On January 15, 2009, US Airways Flight 1549 took off from LaGuardia airport in New York bound for North Carolina with 155 passengers and crew on board.

Three minutes into take-off, a flock of Canadian geese impacted the aircraft, causing multiple strikes to both engines that necessitated an emergency landing.

Captain Chesley Sullenberger, known affectionately as Sully, drew on years of experience to glide the stricken Airbus A320 onto the Hudson River in freezing conditions rather than head back to LaGuardia or another runway.

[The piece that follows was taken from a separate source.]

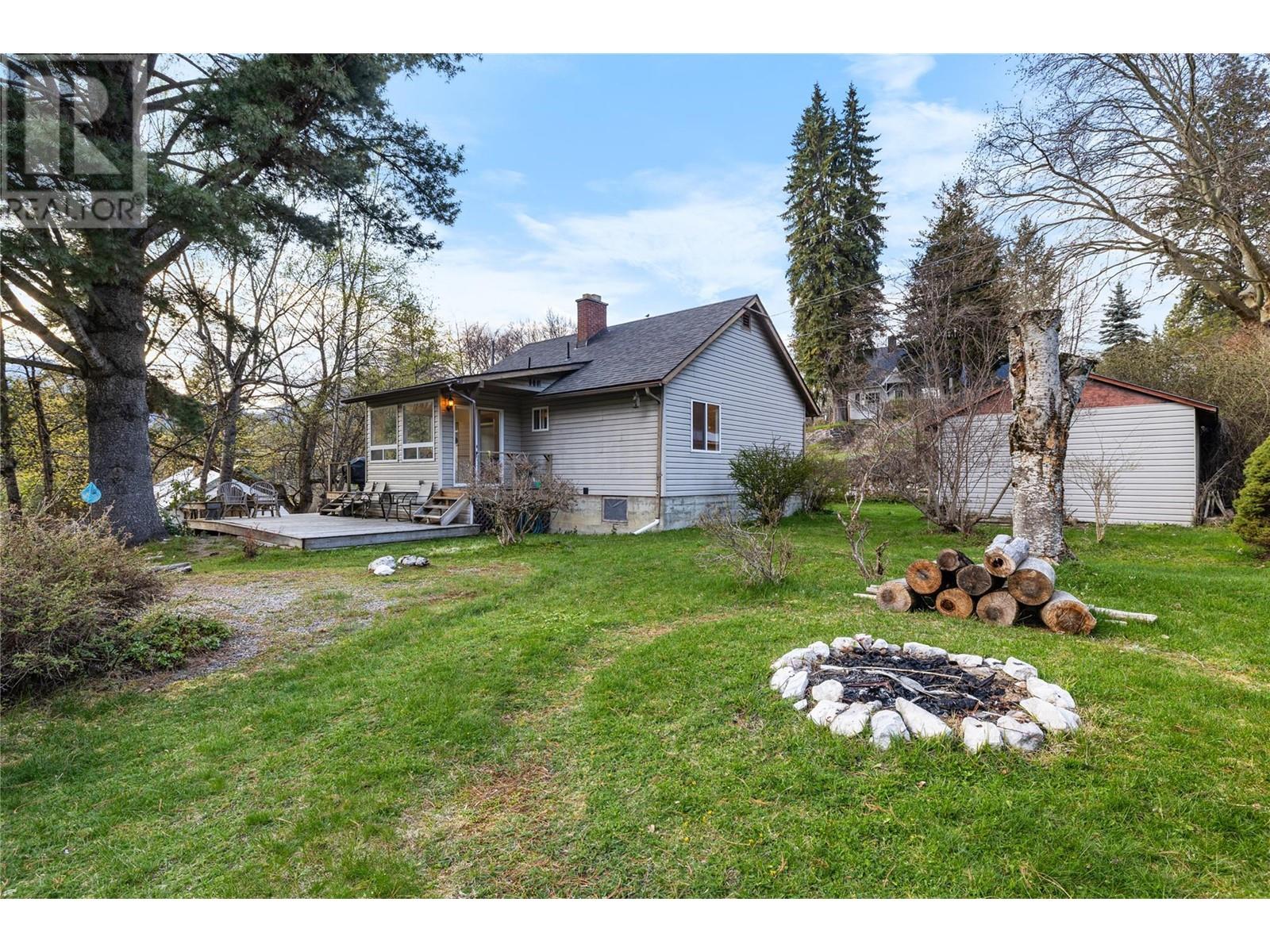 321 GOLF VIEW Street, Riondel, British Columbia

Aided by First Officer Jeff Skiles, Sully safely landed on water and oversaw the evacuation of everyone on board into ferry boats that raced to the scene. The captain was hailed a hero by a city still bearing the scars of the September 11 attacks.

The film centres on the subsequent investigation by the National Transportation Safety Board (NTSB) into Sully’s actions that fateful day.

Clint Eastwood’s exemplary thriller is a masterclass in sustained tension, replaying events aboard US Airways Flight 1549 and from the ground, from multiple perspectives, including air traffic controller Patrick Harten (Patch Darragh) and ferry boat captain (Vince Lombardi, playing himself).

Screenwriter Todd Komarnicki punctuates this deeply human story with different iterations of the crash landing, including chilling scenes of the Airbus ploughing into skyscrapers when Sully (Tom Hanks) imagines a fruitless attempt to reach LaGuardia.

The NTSB investigation led by Charles Porter (Mike O’Malley), Elizabeth Davis (Anna Gunn) and Ben Edwards (Jamey Sheridan), forms the crux and the script nimbly condenses the actual 15-month timeframe to explore the emotional strain on Sully and First Officer Skiles (Aaron Eckhart) as they defend their actions.

“I’ve had 40 years in the air, but in the end, I’m going to be judged by 208 seconds,” laments Sully.

Hanks delivers a deeply affecting, yet understated, lead performance, eliciting pathos as he contends with post-traumatic stress disorder in the eye of a media storm.

Sully: Miracle On The Hudson is a rousing tribute to a man who repeatedly deflects praise and quietly observes, “I don’t feel like a hero. I was just a man doing a job”.